## Your assignment:
Every entry is to be returned unchanged, and no picture is to be included.

Captioned web images
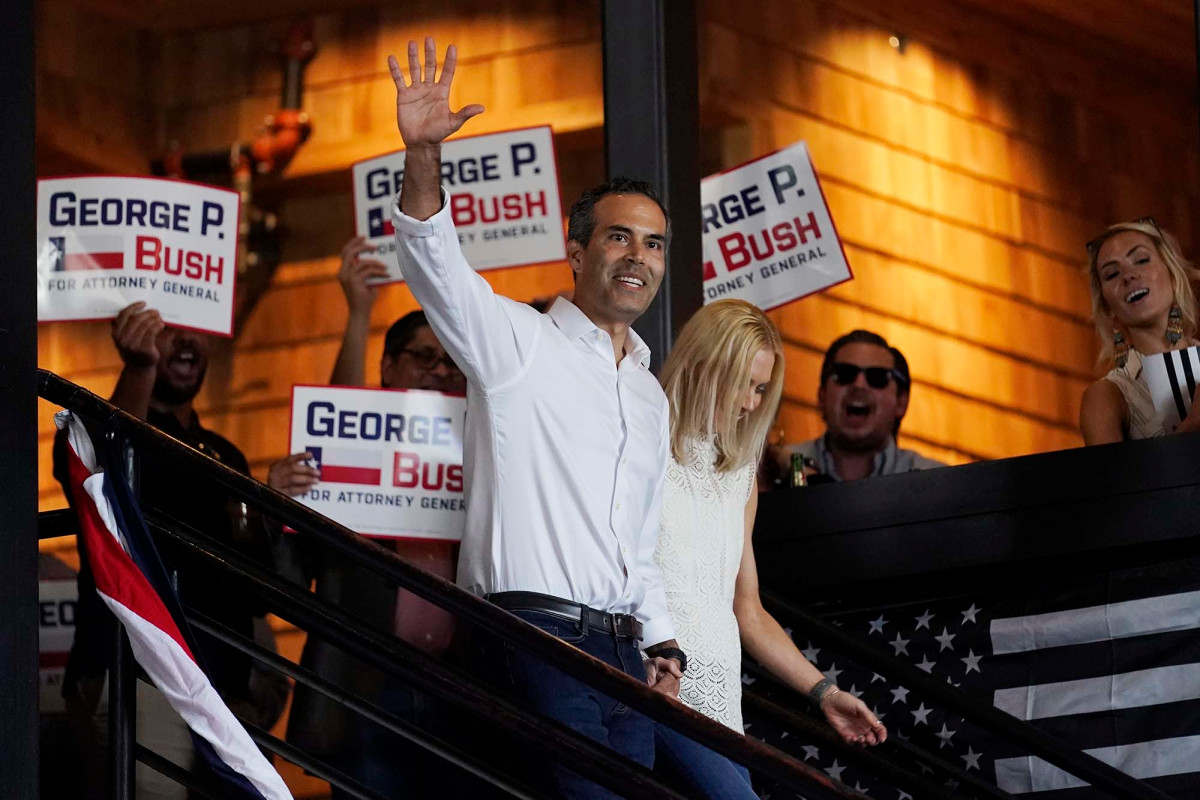 George P. Bush running for Texas attorney general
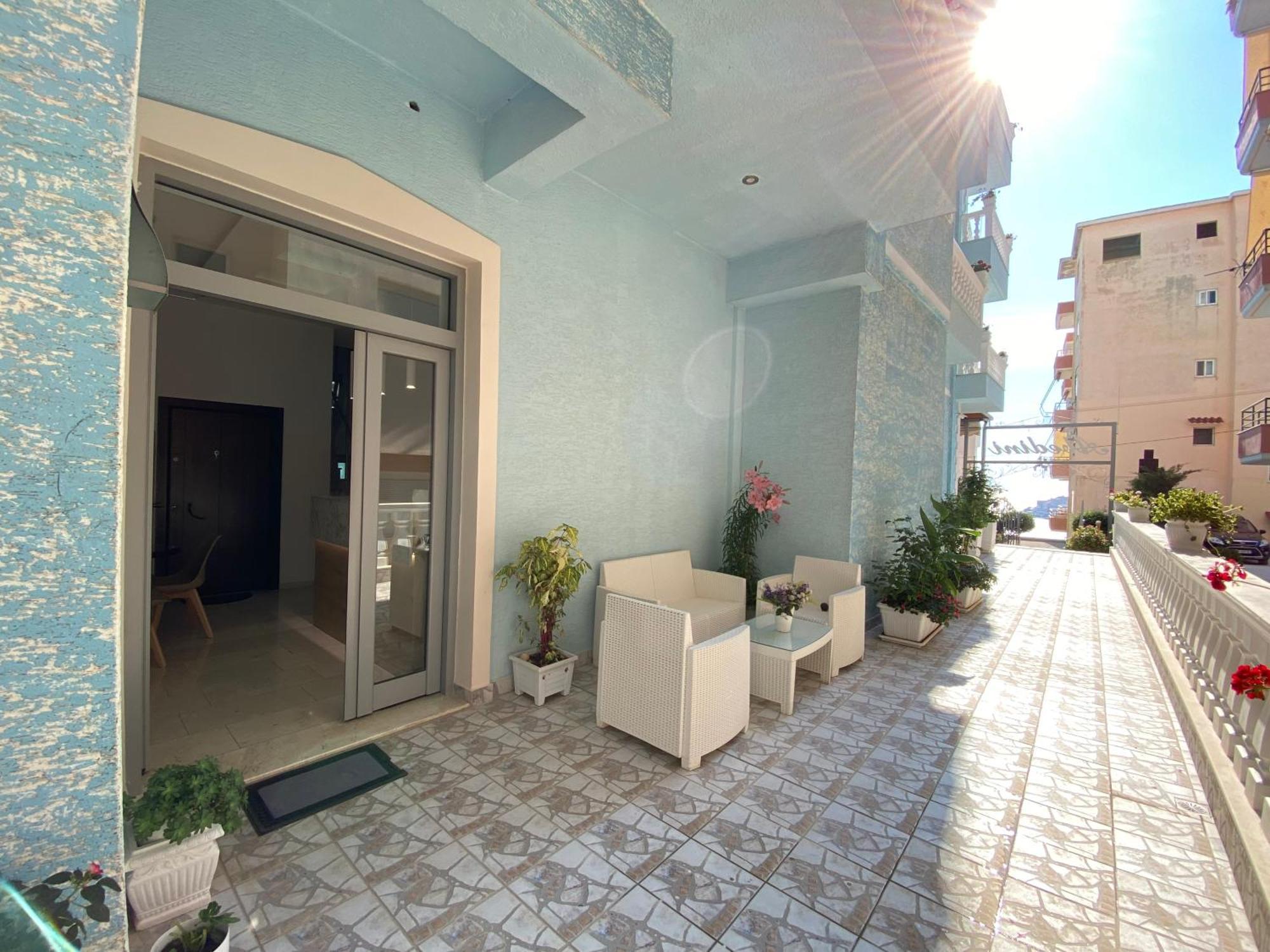 Hotel Abedini Sarande Exterior photo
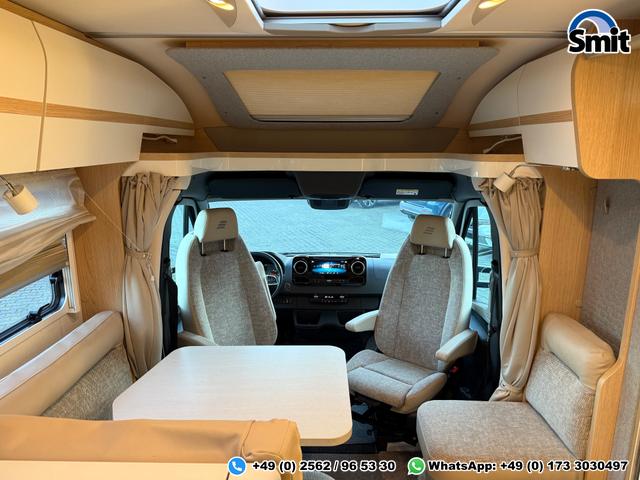 HYMER / ERIBA HYMERCAR T780 ML ACC*Zentral*Arktis*4,5t*Solar*DuoControl 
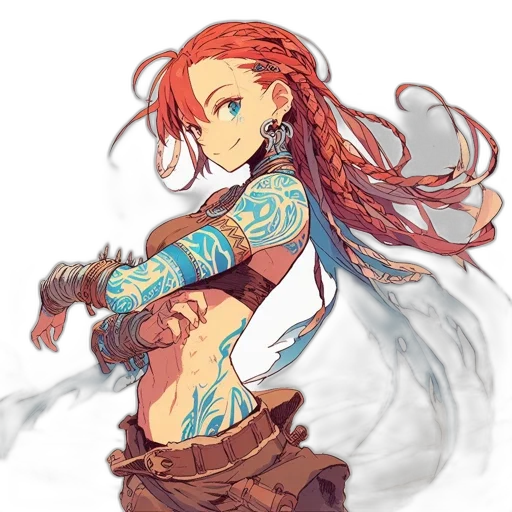 sword, weapon, staff, fantasy art, concept art, anime, watercolor, fire transparent PNG cut-out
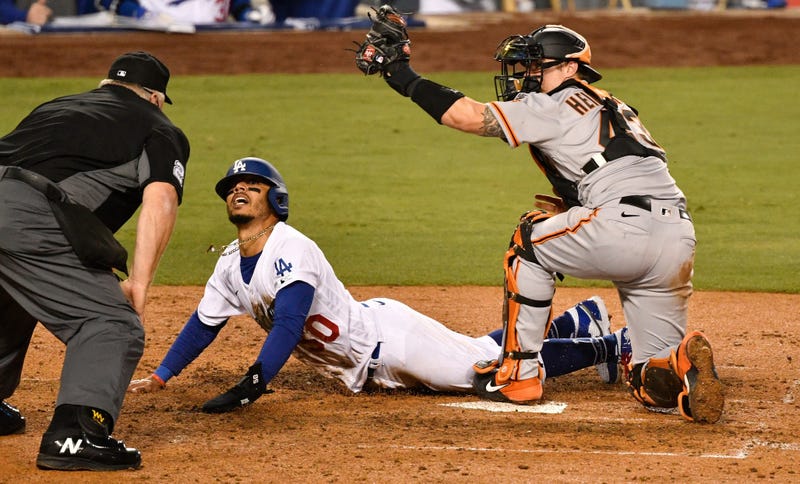 Mookie Betts Dodgers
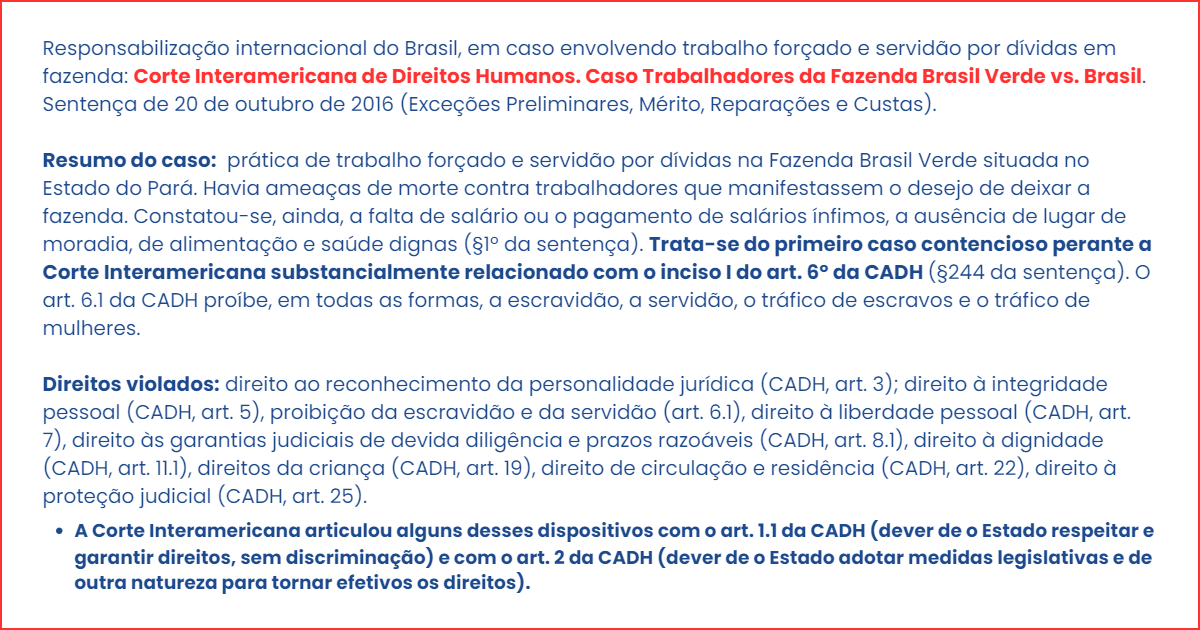 Caso Trabalhadores da Fazenda Brasil Verde vs. Brasil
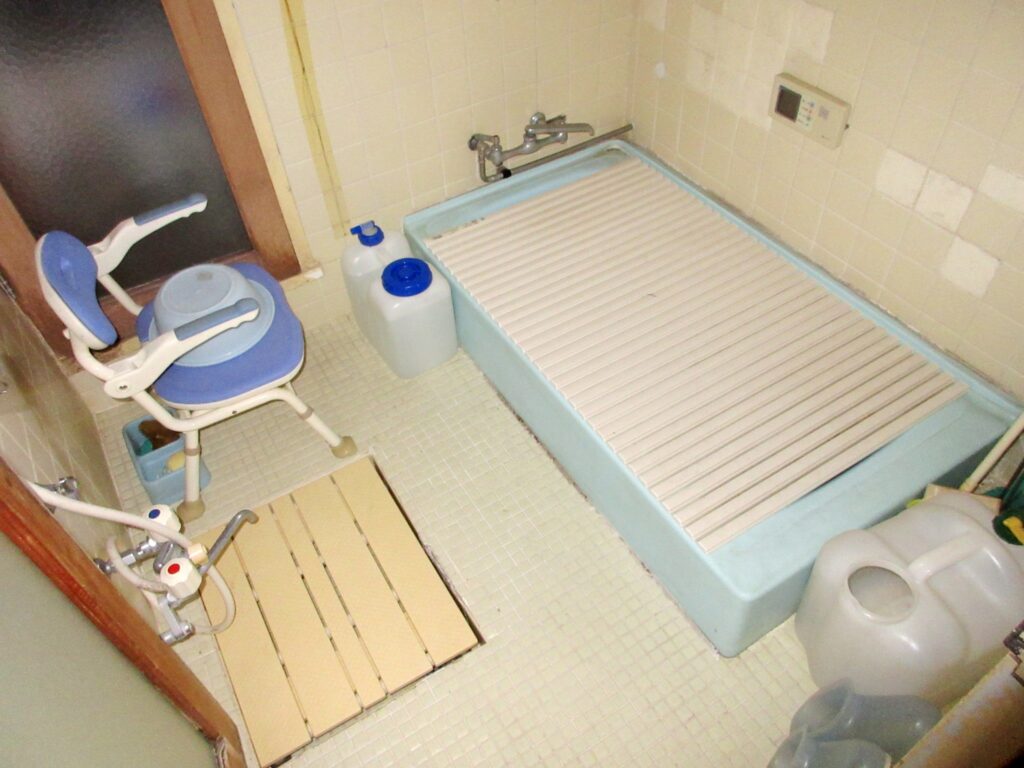 Empty home in Japan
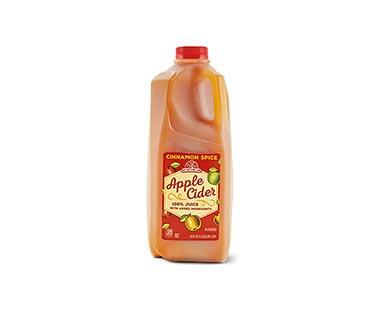 Nature's Nectar Flavored Cider Caramel Apple or Cinnamon Spice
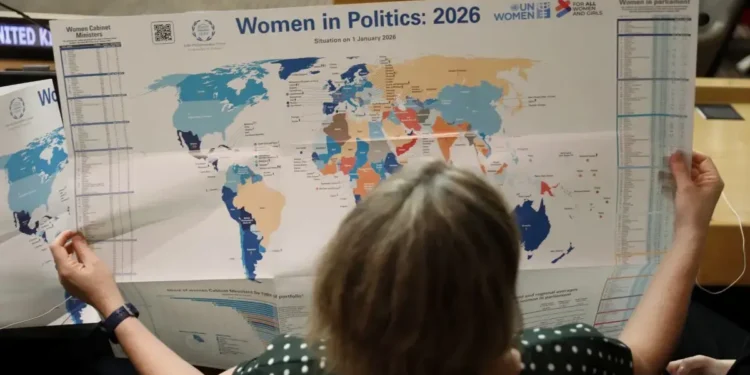 Women Still Locked Out of Global Power: Only 1 in 7 Nations Led by a Woman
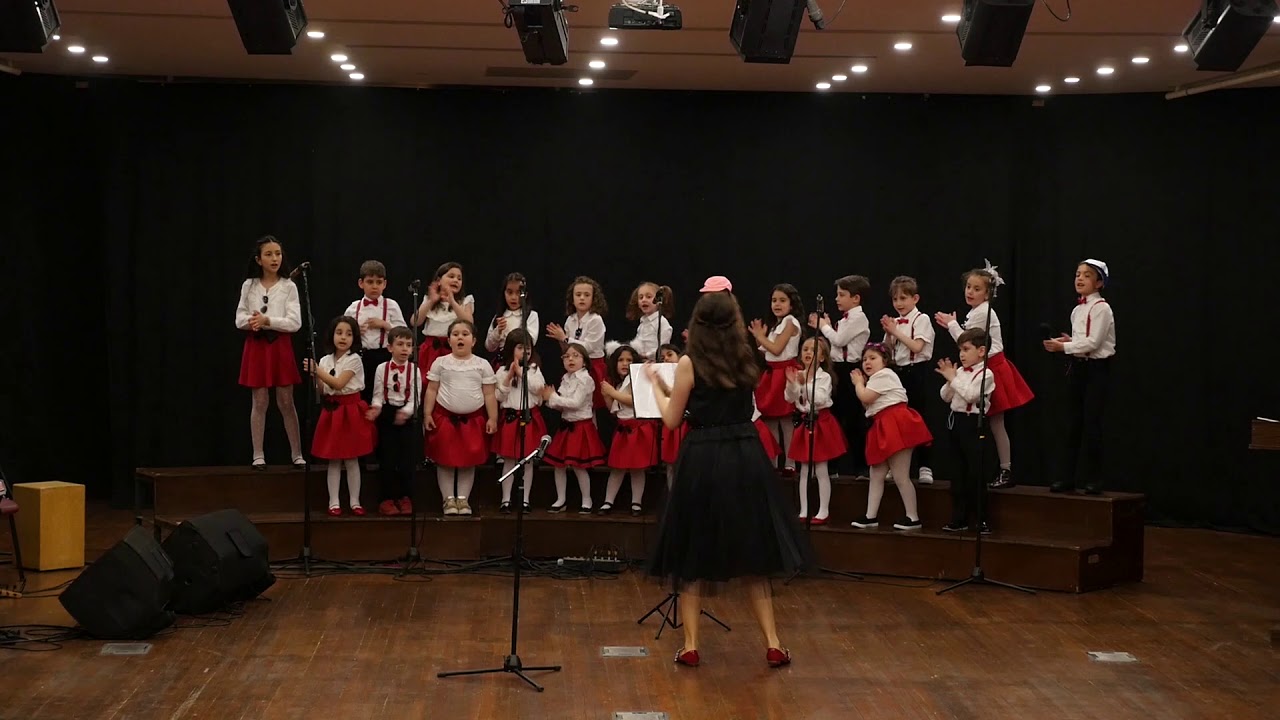 Dünyayı Birlikte Kuralım çocuk şarkısı Ali Gürsan Saraç Trabzon Me-Tar Müzik Çocuk Korosu Konseri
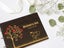 Darling Souvenir Personalized Engraved Laser Cut Wedding Guest Book Wooden Carousel 5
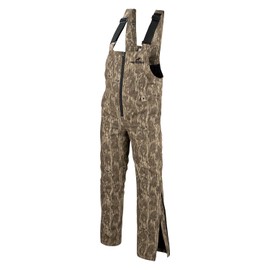 Mooselander - Youth Insulated Bib Overall In New Bottomland, Insulated Hunting Bib Overall for Kids and Teens, Practical Kids Hunting Clothes, Youth Camo Bib, Great Cold Weather Gear, Large (10, 12)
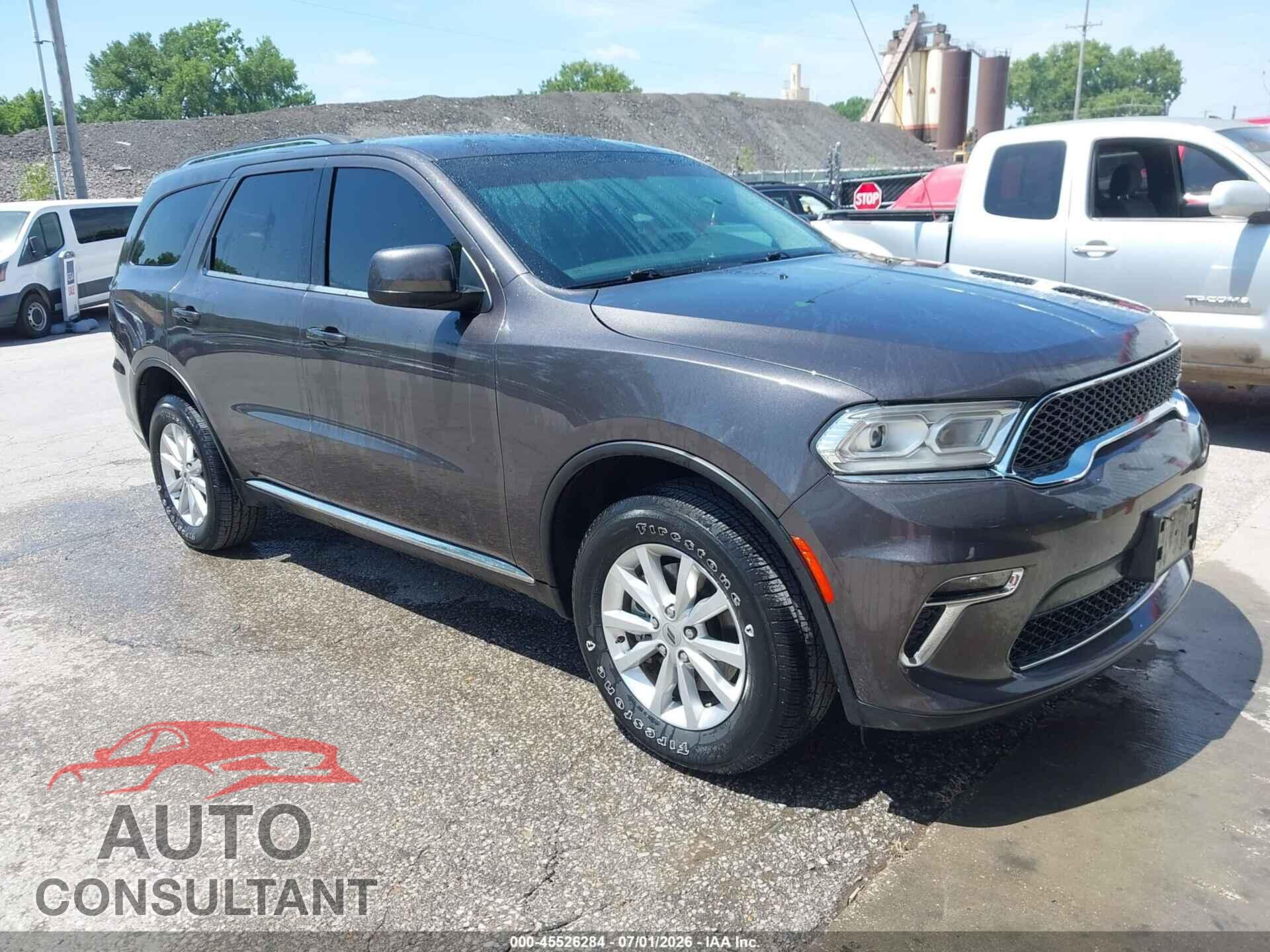 DODGE DURANGO 2021 - 1C4RDJAG2MC762408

## Result below:
 George P. Bush running for Texas attorney general
 Hotel Abedini Sarande Exterior photo
 HYMER / ERIBA HYMERCAR T780 ML ACC*Zentral*Arktis*4,5t*Solar*DuoControl 
 sword, weapon, staff, fantasy art, concept art, anime, watercolor, fire transparent PNG cut-out
 Mookie Betts Dodgers
 Caso Trabalhadores da Fazenda Brasil Verde vs. Brasil
 Empty home in Japan
 Nature's Nectar Flavored Cider Caramel Apple or Cinnamon Spice
 Women Still Locked Out of Global Power: Only 1 in 7 Nations Led by a Woman
 Dünyayı Birlikte Kuralım çocuk şarkısı Ali Gürsan Saraç Trabzon Me-Tar Müzik Çocuk Korosu Konseri
 Darling Souvenir Personalized Engraved Laser Cut Wedding Guest Book Wooden Carousel 5
 Mooselander - Youth Insulated Bib Overall In New Bottomland, Insulated Hunting Bib Overall for Kids and Teens, Practical Kids Hunting Clothes, Youth Camo Bib, Great Cold Weather Gear, Large (10, 12)
 DODGE DURANGO 2021 - 1C4RDJAG2MC762408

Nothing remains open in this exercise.